Admiradora confessa do primeiro Imperador do Brasil [D. Pedro IV de Portugal], a historiadora adiantou à agência Lusa que o livro vai tratar do período entre julho de 1831 - quando abdica do trono no Brasil em nome de seu filho, D. Pedro II - e janeiro 1832 - antes do regresso a Lisboa.
Segundo a historiadora, quando D. Pedro volta para recuperar a Coroa Portuguesa do irmão D. Miguel, a fim de a deixar à filha D. Maria, passa uma temporada na Inglaterra, mas, por não se sentir à vontade, decide ir viver para Paris.
“Na França ele se sentiu mais confortável, a mulher do rei francês [Luiz Felipe] era tia da primeira Imperatriz [D. Leopoldina] e havia um clima muito bom para a segunda imperatriz, D. Amélia, que era uma quase neta do Napoleão”, adianta a investigadora, cujo trabalho é baseado em relatos da imprensa francesa da época.
“Ele foi uma figura na moda, saía no jornal, era um sucesso tremendo.
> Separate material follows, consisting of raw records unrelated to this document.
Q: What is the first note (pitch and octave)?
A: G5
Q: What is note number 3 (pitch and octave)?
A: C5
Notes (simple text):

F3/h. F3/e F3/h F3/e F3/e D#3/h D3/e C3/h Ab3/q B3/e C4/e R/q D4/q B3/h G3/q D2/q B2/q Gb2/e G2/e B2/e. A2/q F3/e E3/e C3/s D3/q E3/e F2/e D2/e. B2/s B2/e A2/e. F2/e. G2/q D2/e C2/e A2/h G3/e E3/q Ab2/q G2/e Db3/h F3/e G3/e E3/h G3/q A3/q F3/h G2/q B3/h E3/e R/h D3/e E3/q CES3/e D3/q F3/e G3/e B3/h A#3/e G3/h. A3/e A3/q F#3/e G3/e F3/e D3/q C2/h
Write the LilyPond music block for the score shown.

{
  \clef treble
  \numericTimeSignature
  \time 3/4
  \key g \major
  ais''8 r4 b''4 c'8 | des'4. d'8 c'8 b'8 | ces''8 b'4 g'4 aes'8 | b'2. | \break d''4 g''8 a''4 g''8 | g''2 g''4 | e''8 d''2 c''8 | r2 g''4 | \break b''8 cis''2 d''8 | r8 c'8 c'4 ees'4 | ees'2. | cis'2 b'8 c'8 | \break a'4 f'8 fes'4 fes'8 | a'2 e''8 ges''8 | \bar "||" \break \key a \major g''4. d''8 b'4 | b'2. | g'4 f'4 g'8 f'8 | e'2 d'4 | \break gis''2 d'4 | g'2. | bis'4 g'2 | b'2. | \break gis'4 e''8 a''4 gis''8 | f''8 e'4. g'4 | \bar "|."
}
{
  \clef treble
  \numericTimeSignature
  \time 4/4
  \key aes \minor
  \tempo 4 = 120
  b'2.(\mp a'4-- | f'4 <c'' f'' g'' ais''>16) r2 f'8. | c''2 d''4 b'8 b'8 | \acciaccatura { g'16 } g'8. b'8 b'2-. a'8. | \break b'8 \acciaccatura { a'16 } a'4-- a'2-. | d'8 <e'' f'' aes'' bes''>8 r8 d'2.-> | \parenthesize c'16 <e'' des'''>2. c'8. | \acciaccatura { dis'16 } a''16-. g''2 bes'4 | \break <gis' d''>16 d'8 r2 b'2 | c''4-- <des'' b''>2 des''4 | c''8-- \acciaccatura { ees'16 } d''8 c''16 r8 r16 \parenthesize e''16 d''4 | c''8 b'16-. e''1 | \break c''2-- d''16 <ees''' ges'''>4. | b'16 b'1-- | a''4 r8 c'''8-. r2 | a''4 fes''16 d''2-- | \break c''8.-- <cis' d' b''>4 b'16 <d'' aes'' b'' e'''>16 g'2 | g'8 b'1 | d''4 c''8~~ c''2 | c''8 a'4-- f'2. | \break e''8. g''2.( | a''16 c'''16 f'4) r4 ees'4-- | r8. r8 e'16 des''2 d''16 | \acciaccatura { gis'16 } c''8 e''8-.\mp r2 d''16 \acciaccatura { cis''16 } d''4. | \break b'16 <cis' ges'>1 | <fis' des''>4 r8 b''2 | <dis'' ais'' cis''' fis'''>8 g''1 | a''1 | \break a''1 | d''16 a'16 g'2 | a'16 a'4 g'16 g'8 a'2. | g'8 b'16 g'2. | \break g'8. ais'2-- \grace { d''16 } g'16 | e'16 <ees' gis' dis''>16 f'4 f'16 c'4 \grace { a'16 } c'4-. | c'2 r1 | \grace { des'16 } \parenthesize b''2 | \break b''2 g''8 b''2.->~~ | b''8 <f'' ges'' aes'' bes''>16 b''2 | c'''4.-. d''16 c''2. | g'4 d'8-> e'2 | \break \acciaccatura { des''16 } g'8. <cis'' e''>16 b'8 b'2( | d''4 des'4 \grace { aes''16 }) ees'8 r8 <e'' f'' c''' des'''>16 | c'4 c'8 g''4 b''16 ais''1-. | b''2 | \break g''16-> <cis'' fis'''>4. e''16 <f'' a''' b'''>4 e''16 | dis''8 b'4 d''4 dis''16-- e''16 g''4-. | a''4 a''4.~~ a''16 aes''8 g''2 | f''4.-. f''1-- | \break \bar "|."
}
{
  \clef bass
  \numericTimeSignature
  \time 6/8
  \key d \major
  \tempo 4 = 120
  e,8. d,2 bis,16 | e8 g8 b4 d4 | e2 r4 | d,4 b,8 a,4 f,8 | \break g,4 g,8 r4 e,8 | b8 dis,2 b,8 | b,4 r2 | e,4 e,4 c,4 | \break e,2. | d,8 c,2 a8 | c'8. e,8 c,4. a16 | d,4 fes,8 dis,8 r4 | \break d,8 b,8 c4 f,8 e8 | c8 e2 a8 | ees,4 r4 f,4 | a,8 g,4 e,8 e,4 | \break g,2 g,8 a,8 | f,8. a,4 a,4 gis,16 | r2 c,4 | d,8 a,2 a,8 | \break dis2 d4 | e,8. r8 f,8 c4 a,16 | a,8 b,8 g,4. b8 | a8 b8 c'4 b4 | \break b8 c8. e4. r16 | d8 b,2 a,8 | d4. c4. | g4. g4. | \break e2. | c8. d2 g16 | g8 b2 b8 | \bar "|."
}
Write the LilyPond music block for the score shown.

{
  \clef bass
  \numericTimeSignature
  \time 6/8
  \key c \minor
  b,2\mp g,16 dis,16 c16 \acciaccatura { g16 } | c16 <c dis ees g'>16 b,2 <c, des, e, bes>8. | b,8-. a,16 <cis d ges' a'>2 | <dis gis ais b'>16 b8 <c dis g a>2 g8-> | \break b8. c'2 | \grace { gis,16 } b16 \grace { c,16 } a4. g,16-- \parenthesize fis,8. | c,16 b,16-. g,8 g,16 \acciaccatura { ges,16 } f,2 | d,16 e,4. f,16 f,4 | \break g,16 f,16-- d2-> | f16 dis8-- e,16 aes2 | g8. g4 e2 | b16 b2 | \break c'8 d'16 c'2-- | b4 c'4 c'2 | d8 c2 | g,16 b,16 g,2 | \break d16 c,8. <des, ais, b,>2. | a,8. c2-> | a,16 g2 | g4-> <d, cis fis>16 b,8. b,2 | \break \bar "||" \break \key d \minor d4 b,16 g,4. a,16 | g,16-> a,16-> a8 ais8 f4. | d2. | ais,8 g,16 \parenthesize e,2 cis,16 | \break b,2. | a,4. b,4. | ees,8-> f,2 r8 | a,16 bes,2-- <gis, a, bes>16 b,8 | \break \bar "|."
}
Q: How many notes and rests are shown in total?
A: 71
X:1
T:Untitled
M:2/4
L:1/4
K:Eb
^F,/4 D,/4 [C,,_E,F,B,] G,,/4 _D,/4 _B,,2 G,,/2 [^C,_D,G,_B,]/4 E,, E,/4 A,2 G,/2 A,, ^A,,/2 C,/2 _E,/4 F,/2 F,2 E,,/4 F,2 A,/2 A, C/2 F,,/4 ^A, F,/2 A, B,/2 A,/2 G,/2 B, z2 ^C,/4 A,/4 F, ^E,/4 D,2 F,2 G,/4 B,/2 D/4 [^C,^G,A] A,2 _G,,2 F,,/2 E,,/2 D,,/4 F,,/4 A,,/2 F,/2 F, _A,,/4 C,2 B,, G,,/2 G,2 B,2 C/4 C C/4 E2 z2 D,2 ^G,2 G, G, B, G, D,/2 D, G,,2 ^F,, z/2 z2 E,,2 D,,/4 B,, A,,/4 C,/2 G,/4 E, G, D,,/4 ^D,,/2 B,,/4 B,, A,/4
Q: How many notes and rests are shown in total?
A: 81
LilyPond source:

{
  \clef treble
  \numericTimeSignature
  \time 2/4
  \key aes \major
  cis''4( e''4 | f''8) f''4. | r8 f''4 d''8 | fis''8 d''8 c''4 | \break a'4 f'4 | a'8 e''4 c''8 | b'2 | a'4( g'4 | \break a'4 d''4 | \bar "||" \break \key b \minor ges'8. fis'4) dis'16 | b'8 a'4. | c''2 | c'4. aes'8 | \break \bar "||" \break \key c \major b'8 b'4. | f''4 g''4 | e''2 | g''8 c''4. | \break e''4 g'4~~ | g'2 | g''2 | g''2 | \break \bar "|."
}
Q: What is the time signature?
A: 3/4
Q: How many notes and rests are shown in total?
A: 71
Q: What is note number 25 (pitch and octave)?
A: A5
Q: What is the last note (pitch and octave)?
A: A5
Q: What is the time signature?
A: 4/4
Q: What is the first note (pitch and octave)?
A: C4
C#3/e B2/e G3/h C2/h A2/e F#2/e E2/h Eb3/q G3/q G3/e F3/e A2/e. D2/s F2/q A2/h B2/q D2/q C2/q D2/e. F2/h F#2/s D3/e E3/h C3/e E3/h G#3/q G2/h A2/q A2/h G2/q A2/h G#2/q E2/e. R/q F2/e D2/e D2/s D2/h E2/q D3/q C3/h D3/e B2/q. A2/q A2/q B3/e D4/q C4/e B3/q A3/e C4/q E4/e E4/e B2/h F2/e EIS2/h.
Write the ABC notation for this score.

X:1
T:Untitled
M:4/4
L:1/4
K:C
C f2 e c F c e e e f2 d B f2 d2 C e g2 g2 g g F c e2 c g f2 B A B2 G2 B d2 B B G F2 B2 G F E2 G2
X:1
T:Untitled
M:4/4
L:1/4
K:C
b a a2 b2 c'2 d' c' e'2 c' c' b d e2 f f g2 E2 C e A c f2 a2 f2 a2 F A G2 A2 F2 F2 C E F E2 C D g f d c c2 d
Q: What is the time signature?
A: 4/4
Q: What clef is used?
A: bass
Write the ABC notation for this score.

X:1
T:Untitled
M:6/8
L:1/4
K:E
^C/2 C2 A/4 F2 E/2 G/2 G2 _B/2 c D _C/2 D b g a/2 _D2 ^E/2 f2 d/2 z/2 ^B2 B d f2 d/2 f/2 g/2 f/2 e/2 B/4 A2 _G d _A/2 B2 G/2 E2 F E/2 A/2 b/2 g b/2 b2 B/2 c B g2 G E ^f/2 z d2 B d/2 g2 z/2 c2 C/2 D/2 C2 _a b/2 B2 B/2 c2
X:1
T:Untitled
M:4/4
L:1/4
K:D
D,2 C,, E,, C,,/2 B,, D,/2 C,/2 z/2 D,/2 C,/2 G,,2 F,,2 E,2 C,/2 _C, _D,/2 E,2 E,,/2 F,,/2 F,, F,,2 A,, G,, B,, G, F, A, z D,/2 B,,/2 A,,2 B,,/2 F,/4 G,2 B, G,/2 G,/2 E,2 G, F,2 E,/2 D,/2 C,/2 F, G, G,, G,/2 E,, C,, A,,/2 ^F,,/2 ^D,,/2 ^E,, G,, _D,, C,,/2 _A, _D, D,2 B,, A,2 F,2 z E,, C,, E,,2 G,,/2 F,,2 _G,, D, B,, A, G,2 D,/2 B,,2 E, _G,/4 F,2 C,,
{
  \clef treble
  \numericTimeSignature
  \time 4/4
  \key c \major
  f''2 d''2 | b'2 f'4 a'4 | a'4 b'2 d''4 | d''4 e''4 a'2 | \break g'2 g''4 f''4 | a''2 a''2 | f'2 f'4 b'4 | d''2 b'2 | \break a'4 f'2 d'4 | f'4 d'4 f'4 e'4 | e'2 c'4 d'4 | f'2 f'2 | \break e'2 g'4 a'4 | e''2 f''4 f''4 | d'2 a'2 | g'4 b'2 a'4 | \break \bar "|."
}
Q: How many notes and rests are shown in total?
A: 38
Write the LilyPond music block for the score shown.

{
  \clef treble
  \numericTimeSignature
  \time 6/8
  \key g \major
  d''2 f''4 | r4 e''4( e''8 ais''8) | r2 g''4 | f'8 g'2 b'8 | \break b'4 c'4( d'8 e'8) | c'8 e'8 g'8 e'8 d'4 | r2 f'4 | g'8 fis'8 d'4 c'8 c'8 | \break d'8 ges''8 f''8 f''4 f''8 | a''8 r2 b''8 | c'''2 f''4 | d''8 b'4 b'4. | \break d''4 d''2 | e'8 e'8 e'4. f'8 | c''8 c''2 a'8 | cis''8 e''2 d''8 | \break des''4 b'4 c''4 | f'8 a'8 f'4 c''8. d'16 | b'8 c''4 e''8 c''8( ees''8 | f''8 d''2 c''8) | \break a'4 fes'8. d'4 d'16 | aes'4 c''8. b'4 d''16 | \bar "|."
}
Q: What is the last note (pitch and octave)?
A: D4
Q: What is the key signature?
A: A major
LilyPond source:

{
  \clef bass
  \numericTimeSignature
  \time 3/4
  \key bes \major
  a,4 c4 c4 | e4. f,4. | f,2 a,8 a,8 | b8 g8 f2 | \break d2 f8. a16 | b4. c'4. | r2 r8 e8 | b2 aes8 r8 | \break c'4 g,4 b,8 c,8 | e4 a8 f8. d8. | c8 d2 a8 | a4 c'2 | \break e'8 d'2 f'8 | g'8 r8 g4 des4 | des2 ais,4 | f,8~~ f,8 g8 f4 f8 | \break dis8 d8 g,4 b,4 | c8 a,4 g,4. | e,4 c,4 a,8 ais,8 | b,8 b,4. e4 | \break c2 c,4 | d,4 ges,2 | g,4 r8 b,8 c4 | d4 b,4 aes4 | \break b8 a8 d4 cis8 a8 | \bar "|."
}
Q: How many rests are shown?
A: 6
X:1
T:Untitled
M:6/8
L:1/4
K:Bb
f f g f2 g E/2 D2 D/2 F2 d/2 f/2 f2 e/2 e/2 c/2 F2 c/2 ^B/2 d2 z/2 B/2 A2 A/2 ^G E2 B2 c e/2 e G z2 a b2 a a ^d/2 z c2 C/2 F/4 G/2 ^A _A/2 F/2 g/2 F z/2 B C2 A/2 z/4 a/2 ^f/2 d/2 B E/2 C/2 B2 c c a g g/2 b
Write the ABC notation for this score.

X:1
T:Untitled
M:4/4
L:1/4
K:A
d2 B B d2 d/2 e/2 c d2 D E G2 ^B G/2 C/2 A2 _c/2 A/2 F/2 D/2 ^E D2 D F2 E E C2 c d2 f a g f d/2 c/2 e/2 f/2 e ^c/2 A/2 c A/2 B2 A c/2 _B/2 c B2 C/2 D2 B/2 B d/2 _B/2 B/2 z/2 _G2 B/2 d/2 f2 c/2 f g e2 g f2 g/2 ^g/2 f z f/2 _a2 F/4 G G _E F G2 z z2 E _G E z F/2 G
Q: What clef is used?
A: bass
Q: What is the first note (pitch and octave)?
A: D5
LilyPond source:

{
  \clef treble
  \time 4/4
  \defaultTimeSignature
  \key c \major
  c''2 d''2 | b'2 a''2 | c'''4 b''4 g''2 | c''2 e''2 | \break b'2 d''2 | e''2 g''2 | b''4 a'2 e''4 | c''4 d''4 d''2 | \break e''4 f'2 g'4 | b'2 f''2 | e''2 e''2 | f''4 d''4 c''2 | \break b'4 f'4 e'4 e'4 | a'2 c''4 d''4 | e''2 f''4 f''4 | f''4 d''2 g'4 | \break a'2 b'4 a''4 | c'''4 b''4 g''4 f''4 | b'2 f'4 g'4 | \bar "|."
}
É isso que eu vou pegar, como é que a imprensa viu esse personagem exótico, um imperador que tinha vindo do Brasil e toda a imagem que se tinha do país naquela época”, explica.
Isabel participou no café literário “O Brasil pelo Avesso - mais ou menos verdadeiro?” ao lado do humorista Beto Silva, integrante do grupo “Casseta&Planeta”, e do jornalista Leandro Narloch, autor do “Guia Politicamente Incorreto da História do Brasil” na 15ª Bienal do Livro do Rio de Janeiro.
Na palestra, os autores defenderam o uso do humor como ferramenta de “humanização” dos personagens históricos e de aproximação dos grandes mitos ao público leitor.
“A gente não faz sátira, faz humor que é uma coisa muito mais amável. E isso humaniza os personagens”, opinou Lustosa, apoiada pelos demais.
“Houve na década de 1970 uma corrente da historiografia que foi para o lado contrário e tornou a coisa muito desinteressante, que é a tentativa de fazer a história sem personagens. Mas a biografia, os personagens, eles fazem parte também, e é muito importante que tenha gente na história”, acrescentou.
Para a escritora, as revisões historiográficas que estão a surgir nos últimos anos - como os livros '1808' e '1822', de Laurentino Gomes - são destinados ao grande público e não chegam a afetar os debates académicos entre Portugal e Brasil.
Isabel Lustosa estará em Portugal nos dias 13 e 14 de outubro para um seminário sobre a circulação transatlântica de impressos, na Universidade Nova de Lisboa.